Without the random seed and variable randomness (temperature setting), LLMs will always produce the same output for the same input.

Of course, the context you pass to the LLM also affects the determinism in a production system.

Theoretically, with a detailed enough spec, the LLM would produce the same output, regardless of temp/seed.

Side note: A neat trick to force more “random” output for prompts (when temperature isn’t variable enough), is to add some “noise” data to the input (i.e. off-topic data that the LLM “ignores” in it’s response).

  • No, setting the temperature to zero is still going to yeld different results. One might think they add random seeds, but it makes no sense for temperature zero. One theory is that the distributed nature of their systems adds entropy and thus produces different results each time.

    Random seeds might be a thing, but for what I see there's a lot demand for reproducibility and yet no certain way to achieve it.

    • It's not really a mystery why it happens. LLM APIs are non-deterministic from user's point of view because your request is going to get batched with other users' requests. The batch behavior is deterministic, but your batch is going to be different each time you send your request.

      The size of the batch influences the order of atomic float operations. And because float operations are not associative, the results might be different.

  • > Without the random seed and variable randomness (temperature setting), LLMs will always produce the same output for the same input.

    Except they won't.

    Even at temperature 0, you will not always get the same output as the same input. And it's not because of random noise from inference providers.

    There are papers that explore this subject because for some use-cases - this is extremely important. Everything from floating point precision, hardware timing differences, etc. make this difficult.

Nondeterminism is not the issue here. Today's LLMs are not "round trip" tools. It's not like a compiler where you can edit a source file from 1975, recompile, and the binary does what 75'bin did plus your edit.

Rather, it's more like having an employee in 1975, asking them to write you a program to do something. Then time-machine to the present day and you want that program enhanced somehow. You're going to summon your 2026 intern and tell them that you have this old program from 1975 that you need updated. That person is going to look at the program's code, your notes on what you need added, and probably some of their own "training data" on programming in general. Then they're going to edit the program.

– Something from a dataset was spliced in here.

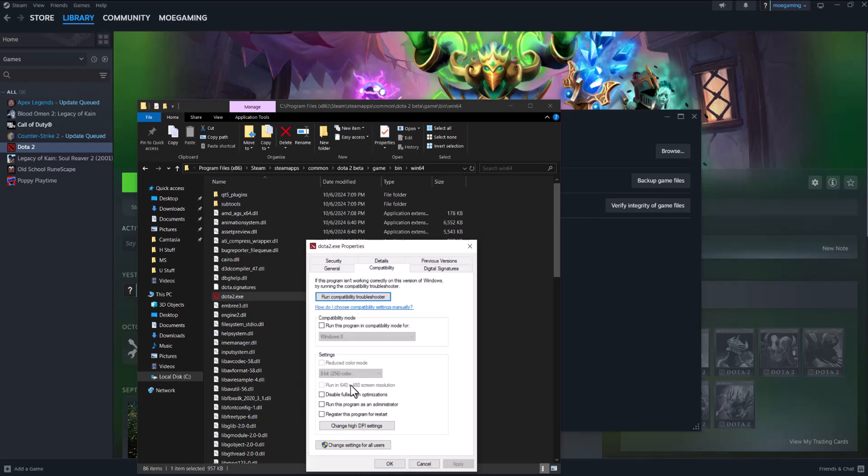Go to compatibility, run this program in compatibility mode, disable full screen optimization, and then run this program as administrator. Press apply, press okay, you should be good to go and you should not have this error persist any longer.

Note that in no case did you ask for the program to be completely re-written from scratch based on the original spec plus some add-ons. Same for the human as for the LLM.

You can actually force things like respond with true or false reliably via gbnf. But yeah within those two choices it is still nondeterministic

> exact same output for the exact same input?

If you set temp to zero it gets close but as I understand it not perfect

> What I'm struggling with is, when you ask AI to do something, its answer is always undeterministically different, more or less.

For some computer science definition of deterministic, sure, but who gives a shit about that? If I ask it build a login page, and it puts GitHub login first one day, and Google login first the next day, do I care? I'm not building login pages every other day. What point do you want to define as "sufficiently deterministic", for which use case?

"Summarize this essay into 3 sentences" for a human is going to vary from day to day, and yeah, it's weird for computers to no longer be 100% deterministic, but I didn't decide this future for us.